Peter Senge’s book is a classic. It is an important book. The subtitle might set you off in the wrong direction though. It’s not about the classical notion of learning. Maybe Senge should have used ‘adaptive organization’ instead of ‘learning organization’. The book is about sustainable success as a business.

Although somewhat older already it is still very relevant for the sad reason that business leaders have not put much of the book’s learning into practice, although it was an extremely popular book when it was first published.

There is a lot of wisdom in the book that helps you understand the problems of modern organization in becoming more adaptive

It’s not an easy book

When I started this review, I look at some comments it got on Amazon. Although most were 4 star reviews there were a number of 1 and 2 star reviews as well. One common remark was that some found it hard to read.

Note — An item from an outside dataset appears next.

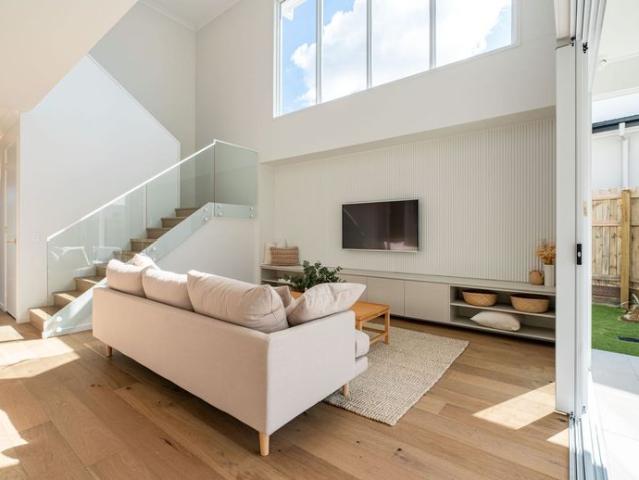 STUNNING LUXURY FAMILY HOME IN BAHRS SCRUB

It is a little too easy to just blame the book and the writer for that and dismiss the book for this reason. But it is not an easy book to read. I read many parts multiple times, and I still plan to read the entire book for a second time. It is not an easy subject but while reading it I got this feeling I was on to something important.

Systems Thinking: The Fifth Discipline

Although Systems Thinking is just the fifth of the five disciplines discussed, it is also the most important one. The other disciplines build on this foundation. Systems Thinking is all about understanding that you cannot understand the whole from its parts. While that might sound fluffy, Senge makes it very clear from the start how important this is. As a reaction to complexity we tend to break complex issues into smaller parts. But as soon as we do we lose the overview of the whole. A good example of this is the silo structure still dominant in our organization. While it once had its function in a more stable, predictable environment, in today’s complex world it just causes us to lose the overview of what is really going on in the organization. The local optimization of the parts, cause us to sub-optimize the whole because we are not able to see the effects and consequences of our actions beyond our own silo. Silos are an artificial breakdown of the organization because in a complex system all parts are related, no matter how thick you build the walls between the silos/departments.

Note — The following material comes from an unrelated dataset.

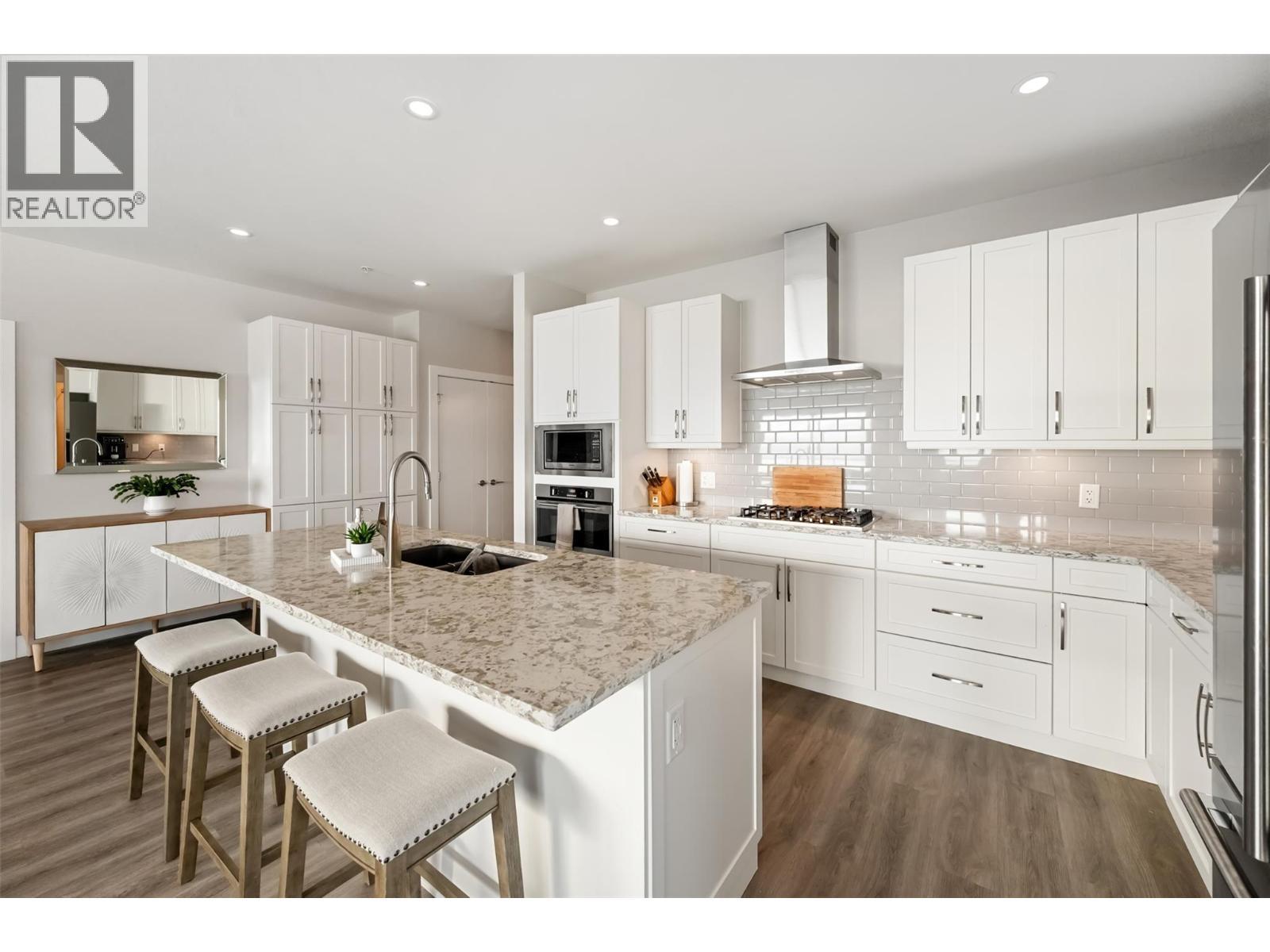 400 Vista Park Unit# 421, Penticton, BC - Indoor Photo Showing Kitchen With Upgraded Kitchen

Why is this relevant? One consequence is, it severely limits the ability of the organization to successfully change course. A second one is the danger that all silos report in the green while the organization as a whole is in serious trouble. This happened to several major banks in the period leading to the financial crisis of 2008. Nobody was capable of overseeing the risks for the entire organization of decisions of one part of the organization to invest in risky US subprime mortgage securities for example.

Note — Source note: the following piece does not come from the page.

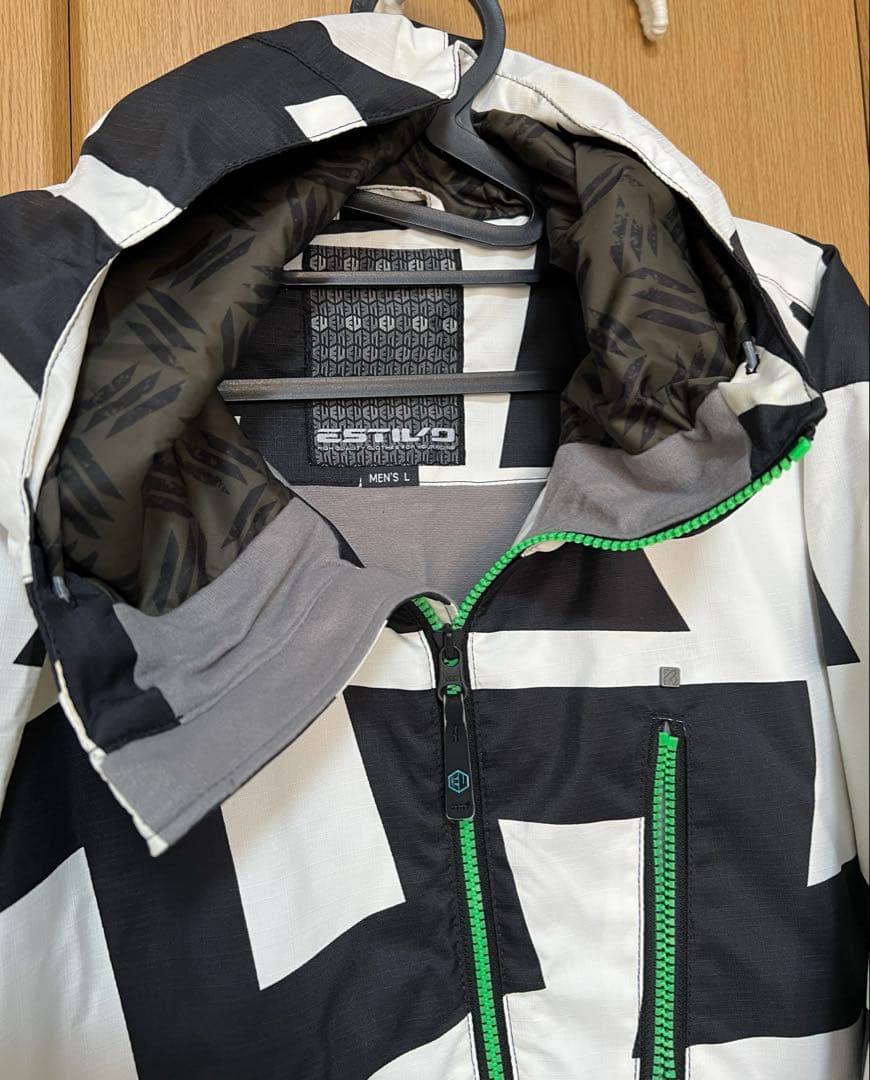 ご予約‼️中古美品⚫︎メンズ　スキー　スノボ　ウェア　ゴーグル　手袋　ベルト　7点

Systems Thinking helps you understand patterns of cause-effect loops that are surprisingly recognizable and that can seriously undermine the organization’s ability to become adaptive.

The core disciplines

The other four core disciplines map remarkably well to some more recent models like those of Dan Pink or Simon Sinek. Senge’s Personal Mastery can be mapped to Pink’s Mastery. Shared Vision can be mapped to Purpose. Autonomy can more or less be mapped to Team Learning as Senge sees the team as the base construct of modern organizations. It maps very well to recent of ideas of organizations being led by a higher purpose.

The only discipline that is less easy to map is Mental Models. This is perhaps the most important discipline after Systems Thinking. It is our mental models, our deeply entrenched ideas, beliefs and assumptions on how the world works, that allows us to make decisions quickly. Our mind uses the mental model to interpret information and to filter possible outcomes. And this filtering is also the biggest risk. Some new concept that doesn’t fit our mental model gets easily rejected or translated into something that does fit the model and therefore gets misinterpreted.

Our mental models, the fact that we are mostly not aware of it, and the fact that everyone has a different mental model, are perhaps the biggest obstacle for teams to come up with novel, out of the box solutions to complex problems.